We headed back west on I-64 to Cumberland, a gorgeous city with screwy streets, many old historic buildings and a whole fleet of churches, all built on the steep gorge walls of the Potomac River. Cumberland was the westernmost point of the old C&O Canal, a water-filled ditch capable of carrying canal boats from the Delaware River to here. For some reason, C&O, which stands for Chesapeake and Ohio, does not originate at the Chesapeake anything and it never goes to Ohio. It should probably be called the D&M but who am I to suggest the name should describe the object. The canal was built by unskilled labor with picks and shovels and, after passing 72 locks, it rises to a top elevation of 605 feet from sea level at the Delaware River.
After stopping at a place called the Crabby Pig (good food, good prices) this morning in Cumberland, we walked a short distance to the Visitor Information Office and found lots of maps, displays and a volunteer that whose gender was unidentifiable but who was very informative. The weather has returned to miserable temperatures and soul-sucking humidity so we shot through unshaded areas pretty quickly.
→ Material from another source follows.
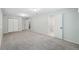 Open carpeted basement with access to other rooms and double-door closet space at 5540 E Jewell Ave, Denver, CO 80222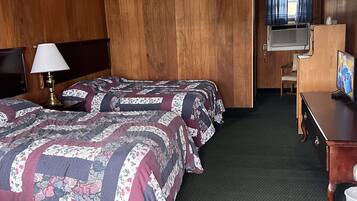 A hotel room with two beds, a desk, a TV, and an air conditioning unit.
We went exploring on the sidehills of Cumberland and found an amazing variety of really gorgeous old buildings. Americans have been living here in substantial numbers since the early 1700s and many of the original buildings remain, including George Washington’s headquarters used during the French and Indian War in the 1750s. Cumberland has been a transportation hub for 300 years where roads, the C&O Canal, railroads and the Potomac River all come together in one community.
After considerable architecture ogling, we drove down MD-51 which runs parallel to the C&O Canal for about 30 miles to the Paw Paw Tunnel where picks and shovels and some black powder blasted a tunnel 3000 feet through a mountain to save building about 7 miles of canal and locks. When we tried to close the loop and return to Cumberland, however, we found many roads clearly shown on the maps we got at the Cumberland visitor center that did not really exist or, if they existed, were little gravel tracks where we could almost hear Dueling Banjos and folks asking us to squeal like a pig. We begged off on the shaky roads and drove almost to Virginia to get out of there. On the way home, we ran into a thunderstorm that started with a little lightning but soon blossomed into a torrential downpour that, fortunately, ended not too long after flooding the road surface and then disappearing.